Une femme a porté plainte contre son mari – Hocine, 48 ans – pour « violences physiques et psychologiques depuis dix ans ». Preuve à l’appui (elle l’avait enregistré avec son portable pour appuyer sa plainte), l’avocate et la victime expliquent que cela fait des années que Hocine hurle sur sa femme, la menace de mort : « Je vais t’asperger d’essence », « Tu rentreras en Tunisie entre quatre planches » ou encore « Je vais te graver un H au couteau sur la peau »… Pour échapper à cette violence, la femme a décidé de faire chambre à part depuis un an.

Des faits accablants, qui malheureusement sont le quotidien de milliers de femmes – en France, une femme meurt tous les deux jours sous les coups de son compagnon ou ex-compagnon – et que Hocine, au vu des preuves accumulées, n’a pas pu nier. Il a seulement rétorqué que sa femme ne voulait plus avoir de relations sexuelles avec lui. Mais le juge, à mille lieues de se soucier du sort de la victime, a déclaré en conclusion aux déclarations de Hocine, cette phrase incroyable :

Ah effectivement Madame, si vous vous soustrayez à votre devoir conjugal, on peut comprendre...

L’avocate de la victime, Me Migueline Rosset, lui demande de répétée, choquée.

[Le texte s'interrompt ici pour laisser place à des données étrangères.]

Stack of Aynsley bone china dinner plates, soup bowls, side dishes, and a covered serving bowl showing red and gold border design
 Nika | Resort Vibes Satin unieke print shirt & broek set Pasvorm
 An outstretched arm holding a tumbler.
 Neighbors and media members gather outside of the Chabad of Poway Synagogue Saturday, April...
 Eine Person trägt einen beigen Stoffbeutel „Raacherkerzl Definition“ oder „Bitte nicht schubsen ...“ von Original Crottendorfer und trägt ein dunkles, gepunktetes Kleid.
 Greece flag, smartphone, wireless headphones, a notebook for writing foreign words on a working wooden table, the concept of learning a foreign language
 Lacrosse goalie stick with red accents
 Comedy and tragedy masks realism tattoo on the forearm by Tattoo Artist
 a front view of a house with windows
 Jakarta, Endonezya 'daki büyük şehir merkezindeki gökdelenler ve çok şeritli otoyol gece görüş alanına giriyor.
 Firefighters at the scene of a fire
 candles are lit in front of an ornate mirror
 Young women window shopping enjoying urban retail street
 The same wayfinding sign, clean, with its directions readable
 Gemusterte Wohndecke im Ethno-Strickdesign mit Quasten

Et le magistrat, de réitérer par trois fois ses propos, en ajoutant même « qu’il avait été juge aux affaires familiales, et qu’il connaissait donc bien la question ».

Me Rosset a par la suite envoyé un courrier au président du TGI de Nanterre, rappelant avec raison que sa « cliente, comme toutes les femmes victimes de violences conjugales, n’avait jamais osé jusque-là déposer plainte contre son mari violent, précisément parce qu’elle se sentait coupable. Et lorsqu’elle a enfin trouvé le courage de le faire, l’institution judiciaire, dans sa robe noire, lui a tenu ce discours culpabilisant. Elle était démolie en sortant de l’audience. »

Le magistrat, quant à lui, devrait être convoqué dans la semaine pour « s’expliquer » sur les faits. A ce stade, aucune procédure disciplinaire n’a encore été enclenchée. Procédure dont le nom pourrait d’ailleurs prêter à sourire si les faits n’étaient pas aussi grave : « procédure disciplinaire pour manquements à l’obligation de délicatesse ». Comme si une illustration aussi criante de la complicité entre la justice de classe et le patriarcat meurtrier dans la bouche d’un juge n’était qu’un manque de « délicatesse ».

Et si cette affaire a fait grand bruit parce que l’avocate de la victime l’a publicisée, elle n’est que l’expression aboutie d’une justice à deux vitesses, qui favorise ceux qui ont déjà une place privilégiée dans la société, au détriment des femmes, des personnes non-blanches et des plus précaires.